→ ASSIGNED TASK: Wherever a line below holds the word "easehut", copy that line.

EXERCISE DATA section start

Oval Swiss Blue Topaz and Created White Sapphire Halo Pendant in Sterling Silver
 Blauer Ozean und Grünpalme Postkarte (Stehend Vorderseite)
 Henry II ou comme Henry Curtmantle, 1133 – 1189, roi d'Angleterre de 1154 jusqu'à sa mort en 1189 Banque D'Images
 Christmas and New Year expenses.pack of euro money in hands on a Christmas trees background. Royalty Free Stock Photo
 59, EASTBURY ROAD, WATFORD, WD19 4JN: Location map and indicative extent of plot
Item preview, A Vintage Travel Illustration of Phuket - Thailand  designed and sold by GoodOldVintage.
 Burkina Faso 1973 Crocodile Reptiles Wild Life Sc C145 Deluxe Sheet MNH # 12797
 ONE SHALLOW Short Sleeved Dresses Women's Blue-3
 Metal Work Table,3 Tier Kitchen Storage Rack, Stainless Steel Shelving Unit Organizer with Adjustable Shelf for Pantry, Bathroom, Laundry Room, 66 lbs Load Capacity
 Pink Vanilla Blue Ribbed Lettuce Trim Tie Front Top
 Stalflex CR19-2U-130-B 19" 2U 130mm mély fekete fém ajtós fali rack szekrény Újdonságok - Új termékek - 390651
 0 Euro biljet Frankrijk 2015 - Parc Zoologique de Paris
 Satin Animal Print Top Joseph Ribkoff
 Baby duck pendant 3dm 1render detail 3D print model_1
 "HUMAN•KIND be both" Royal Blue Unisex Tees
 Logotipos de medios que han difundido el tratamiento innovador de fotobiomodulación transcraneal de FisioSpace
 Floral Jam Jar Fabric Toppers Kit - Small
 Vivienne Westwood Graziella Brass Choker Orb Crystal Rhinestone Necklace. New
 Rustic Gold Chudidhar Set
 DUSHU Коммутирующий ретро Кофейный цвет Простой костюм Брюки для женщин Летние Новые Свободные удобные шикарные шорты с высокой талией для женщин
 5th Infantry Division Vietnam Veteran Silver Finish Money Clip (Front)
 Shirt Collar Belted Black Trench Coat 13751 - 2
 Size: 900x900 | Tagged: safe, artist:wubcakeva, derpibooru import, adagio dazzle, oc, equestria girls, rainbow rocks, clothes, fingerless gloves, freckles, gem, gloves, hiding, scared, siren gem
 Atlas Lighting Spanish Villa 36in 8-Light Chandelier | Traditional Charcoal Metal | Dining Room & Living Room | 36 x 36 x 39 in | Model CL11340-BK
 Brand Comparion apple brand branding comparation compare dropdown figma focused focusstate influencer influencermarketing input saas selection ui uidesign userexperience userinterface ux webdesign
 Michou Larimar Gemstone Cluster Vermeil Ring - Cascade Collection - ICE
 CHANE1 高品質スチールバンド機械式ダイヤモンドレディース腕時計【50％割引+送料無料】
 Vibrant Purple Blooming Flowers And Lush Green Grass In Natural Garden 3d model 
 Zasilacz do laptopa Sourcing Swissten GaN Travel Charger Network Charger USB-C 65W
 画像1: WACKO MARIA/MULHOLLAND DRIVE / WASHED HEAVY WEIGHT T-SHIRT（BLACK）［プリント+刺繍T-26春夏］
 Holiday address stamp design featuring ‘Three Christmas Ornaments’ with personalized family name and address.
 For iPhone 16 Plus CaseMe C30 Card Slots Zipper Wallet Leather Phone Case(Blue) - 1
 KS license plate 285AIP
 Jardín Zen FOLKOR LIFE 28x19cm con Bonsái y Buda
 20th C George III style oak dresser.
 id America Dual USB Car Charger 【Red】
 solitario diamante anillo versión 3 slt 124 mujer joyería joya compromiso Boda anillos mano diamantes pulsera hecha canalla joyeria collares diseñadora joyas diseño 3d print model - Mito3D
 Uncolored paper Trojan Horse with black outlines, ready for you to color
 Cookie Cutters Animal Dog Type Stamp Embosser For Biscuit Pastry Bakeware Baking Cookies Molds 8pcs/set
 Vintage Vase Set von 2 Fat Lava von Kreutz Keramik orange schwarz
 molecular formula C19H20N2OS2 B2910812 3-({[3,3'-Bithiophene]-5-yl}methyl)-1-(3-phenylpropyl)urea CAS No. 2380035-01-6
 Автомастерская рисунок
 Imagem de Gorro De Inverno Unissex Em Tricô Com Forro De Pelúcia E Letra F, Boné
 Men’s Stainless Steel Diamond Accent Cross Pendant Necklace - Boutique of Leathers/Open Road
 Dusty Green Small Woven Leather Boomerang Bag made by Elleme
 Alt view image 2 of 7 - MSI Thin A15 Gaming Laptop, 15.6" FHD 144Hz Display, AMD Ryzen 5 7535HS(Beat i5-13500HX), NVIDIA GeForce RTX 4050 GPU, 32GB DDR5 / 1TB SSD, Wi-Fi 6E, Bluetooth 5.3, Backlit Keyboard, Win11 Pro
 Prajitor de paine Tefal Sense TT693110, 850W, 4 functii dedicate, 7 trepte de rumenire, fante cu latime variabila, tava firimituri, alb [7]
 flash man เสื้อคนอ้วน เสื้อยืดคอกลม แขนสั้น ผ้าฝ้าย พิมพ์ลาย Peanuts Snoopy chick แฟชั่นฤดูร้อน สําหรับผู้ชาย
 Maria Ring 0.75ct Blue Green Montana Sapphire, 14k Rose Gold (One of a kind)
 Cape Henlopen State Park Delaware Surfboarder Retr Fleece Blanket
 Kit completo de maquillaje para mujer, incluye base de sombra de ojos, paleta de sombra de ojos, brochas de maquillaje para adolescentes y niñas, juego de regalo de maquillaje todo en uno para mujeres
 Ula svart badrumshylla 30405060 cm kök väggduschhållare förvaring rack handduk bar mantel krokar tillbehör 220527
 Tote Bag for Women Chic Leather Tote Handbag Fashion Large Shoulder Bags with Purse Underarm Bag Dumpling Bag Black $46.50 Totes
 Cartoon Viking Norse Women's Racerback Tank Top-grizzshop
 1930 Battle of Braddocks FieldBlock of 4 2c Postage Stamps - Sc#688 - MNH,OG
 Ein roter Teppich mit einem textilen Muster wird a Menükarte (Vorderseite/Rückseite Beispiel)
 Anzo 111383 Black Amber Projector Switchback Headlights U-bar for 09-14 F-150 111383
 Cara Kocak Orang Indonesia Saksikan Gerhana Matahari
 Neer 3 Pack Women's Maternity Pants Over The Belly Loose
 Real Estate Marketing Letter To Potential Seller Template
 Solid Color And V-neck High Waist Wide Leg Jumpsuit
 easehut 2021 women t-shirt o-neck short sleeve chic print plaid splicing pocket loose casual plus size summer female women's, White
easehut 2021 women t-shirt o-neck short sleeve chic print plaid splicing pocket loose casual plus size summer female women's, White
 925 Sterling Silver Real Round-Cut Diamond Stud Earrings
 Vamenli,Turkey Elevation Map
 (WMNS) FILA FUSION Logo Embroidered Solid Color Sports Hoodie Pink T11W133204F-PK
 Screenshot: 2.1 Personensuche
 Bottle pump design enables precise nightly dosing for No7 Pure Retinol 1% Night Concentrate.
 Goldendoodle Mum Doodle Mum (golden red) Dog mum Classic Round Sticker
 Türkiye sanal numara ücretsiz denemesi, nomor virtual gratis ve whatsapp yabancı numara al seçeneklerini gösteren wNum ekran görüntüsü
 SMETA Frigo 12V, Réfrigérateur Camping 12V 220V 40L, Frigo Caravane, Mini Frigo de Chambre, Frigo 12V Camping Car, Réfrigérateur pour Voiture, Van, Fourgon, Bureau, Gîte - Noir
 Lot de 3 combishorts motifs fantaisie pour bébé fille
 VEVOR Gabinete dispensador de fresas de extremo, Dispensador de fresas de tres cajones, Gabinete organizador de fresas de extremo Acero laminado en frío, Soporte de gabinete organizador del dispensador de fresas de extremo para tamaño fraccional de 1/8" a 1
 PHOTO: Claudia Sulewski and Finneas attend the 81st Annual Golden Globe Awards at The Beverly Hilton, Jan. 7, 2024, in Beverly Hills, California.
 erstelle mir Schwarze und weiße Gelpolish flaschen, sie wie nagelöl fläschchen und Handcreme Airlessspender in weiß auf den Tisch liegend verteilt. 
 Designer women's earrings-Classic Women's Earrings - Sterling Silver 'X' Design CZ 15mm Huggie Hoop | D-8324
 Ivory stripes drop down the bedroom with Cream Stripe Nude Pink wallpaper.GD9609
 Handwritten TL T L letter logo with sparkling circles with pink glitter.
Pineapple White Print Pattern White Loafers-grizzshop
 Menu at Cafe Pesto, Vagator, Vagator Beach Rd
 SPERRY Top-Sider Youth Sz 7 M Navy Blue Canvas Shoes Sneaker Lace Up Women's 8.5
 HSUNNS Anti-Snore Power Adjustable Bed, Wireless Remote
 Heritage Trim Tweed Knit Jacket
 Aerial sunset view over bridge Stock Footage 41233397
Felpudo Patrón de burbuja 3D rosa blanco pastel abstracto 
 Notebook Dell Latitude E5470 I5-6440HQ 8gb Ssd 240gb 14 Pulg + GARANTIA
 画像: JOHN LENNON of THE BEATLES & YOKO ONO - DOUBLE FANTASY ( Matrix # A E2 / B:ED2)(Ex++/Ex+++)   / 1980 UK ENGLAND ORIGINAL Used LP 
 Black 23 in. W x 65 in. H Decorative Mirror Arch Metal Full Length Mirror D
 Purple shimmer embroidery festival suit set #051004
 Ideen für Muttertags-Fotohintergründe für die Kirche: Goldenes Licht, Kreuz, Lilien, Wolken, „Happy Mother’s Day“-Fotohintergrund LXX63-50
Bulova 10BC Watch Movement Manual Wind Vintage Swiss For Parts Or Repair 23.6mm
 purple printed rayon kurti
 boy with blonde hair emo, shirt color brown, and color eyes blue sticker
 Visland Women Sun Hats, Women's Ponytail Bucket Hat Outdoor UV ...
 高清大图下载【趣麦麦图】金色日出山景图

EXERCISE DATA section end

→ SOLUTION TO THIS PROBLEM:
 easehut 2021 women t-shirt o-neck short sleeve chic print plaid splicing pocket loose casual plus size summer female women's, White
easehut 2021 women t-shirt o-neck short sleeve chic print plaid splicing pocket loose casual plus size summer female women's, White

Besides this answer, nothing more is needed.